How to complete this task> Output the listing exactly, without its pictures.

Given data>
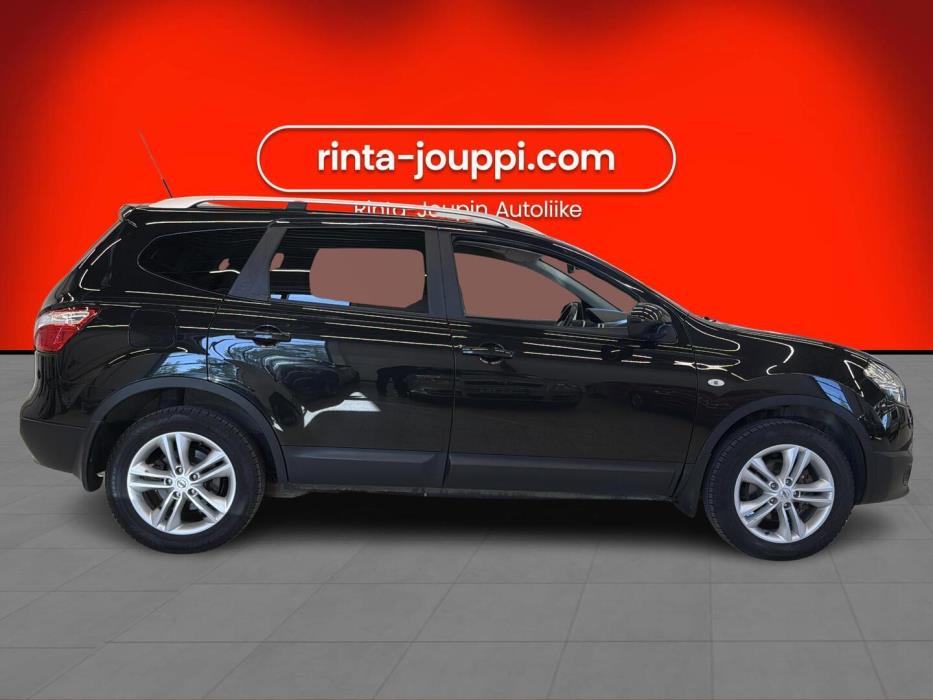NISSAN Qashqai+2 2012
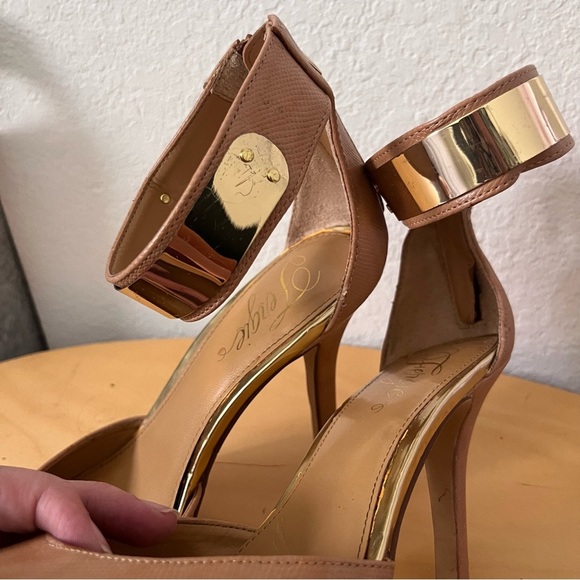 Fergie Pointy Toe Heel Gold Ankle Strap Size 10 - Picture 3 of 12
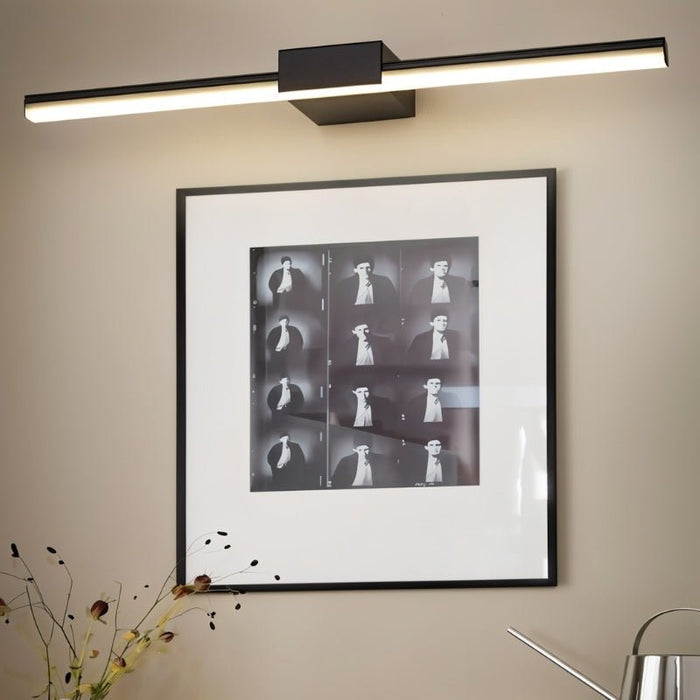 Arafa Wall Lamp - Contemporary Lighting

Solution for this exercise>
NISSAN Qashqai+2 2012
 Fergie Pointy Toe Heel Gold Ankle Strap Size 10 - Picture 3 of 12
 Arafa Wall Lamp - Contemporary Lighting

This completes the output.